Many traditional strategies for network group significance analysis focus on topological properties. For instance, MCODE algorithm evaluates group significance with a cluster score, to emphasize densely connected clusters (groups). However, density cannot reflect the degree to which the group is relevant with regulatory effects of QSYQ in our study. Our strategy introduces quantitative information (PageRank scores of keystone QSYQ-regulated genes) to character the regulatory effects of QSYQ when analysing the significance of functional group. To some extent, our strategy is a particular enrichment test method which is analogous to Gene Set Enrichment Analysis (Subramanian et al., 2005).

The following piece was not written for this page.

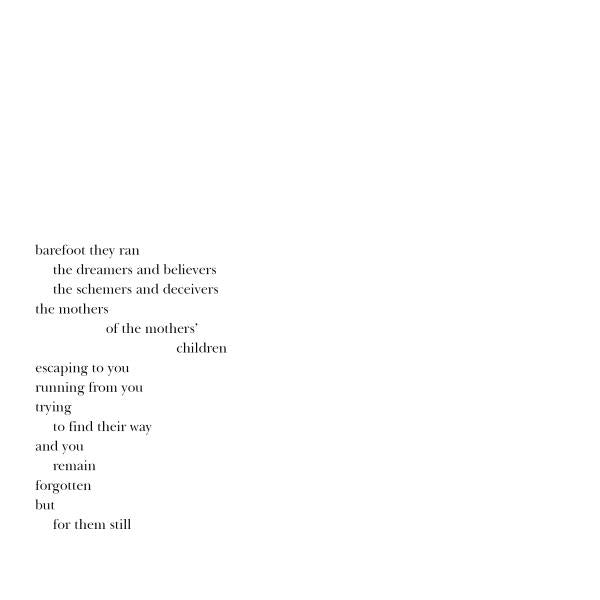 Just Passing Through by Schiffer Publishing, Ltd. features a short poem in black text on a white page, with staggered lines evoking Marion Warren photography; it tells of barefoot children running, escaping, searching, and remembered by mothers.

Most enrichment test methods adopt overlap statistics (Berriz et al., 2003; Doniger et al., 2003; Zhong et al., 2004; Subramanian et al., 2005), which only concern the count of overlap between the important genes and genes of a certain pathway or ontology term. However, they do not take advantage of the priorities of important genes and give equal weight to every gene. Compared with these enrichment test methods, our strategy differs in two regards. First, it underscores both the priorities and count of keystone genes in functional group. When genes of a group mainly distribute on the top of priority list of keystone genes, the term P_hit is larger and then ES is larger. Meanwhile, if there are more keystone genes in the group, corresponding P_miss is smaller and then ES is larger. Second, our strategy assesses the significance level of ES by Monte Carlo simulation that sample genes from the background network. This process preserves the enrichment degree of observed functional group with QSYQ-responsive genes, and thus, provides an accurate null distribution. Keystone gene-based group significance analysis has a broad application in evaluation of group significance with priorities of genes.

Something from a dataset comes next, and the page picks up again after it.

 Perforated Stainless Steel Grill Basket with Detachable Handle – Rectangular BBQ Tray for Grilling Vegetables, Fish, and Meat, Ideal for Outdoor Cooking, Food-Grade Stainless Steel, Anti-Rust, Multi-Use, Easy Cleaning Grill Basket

The reviewer JL declared a shared affiliation, though no other collaboration, with several of the authors YW, CL, LL, and WW to the handling Editor, who ensured that the process nevertheless met the standards of a fair and objective review. The other authors declare that the research was conducted in the absence of any commercial or financial relationships that could be construed as a potential conflict of interest.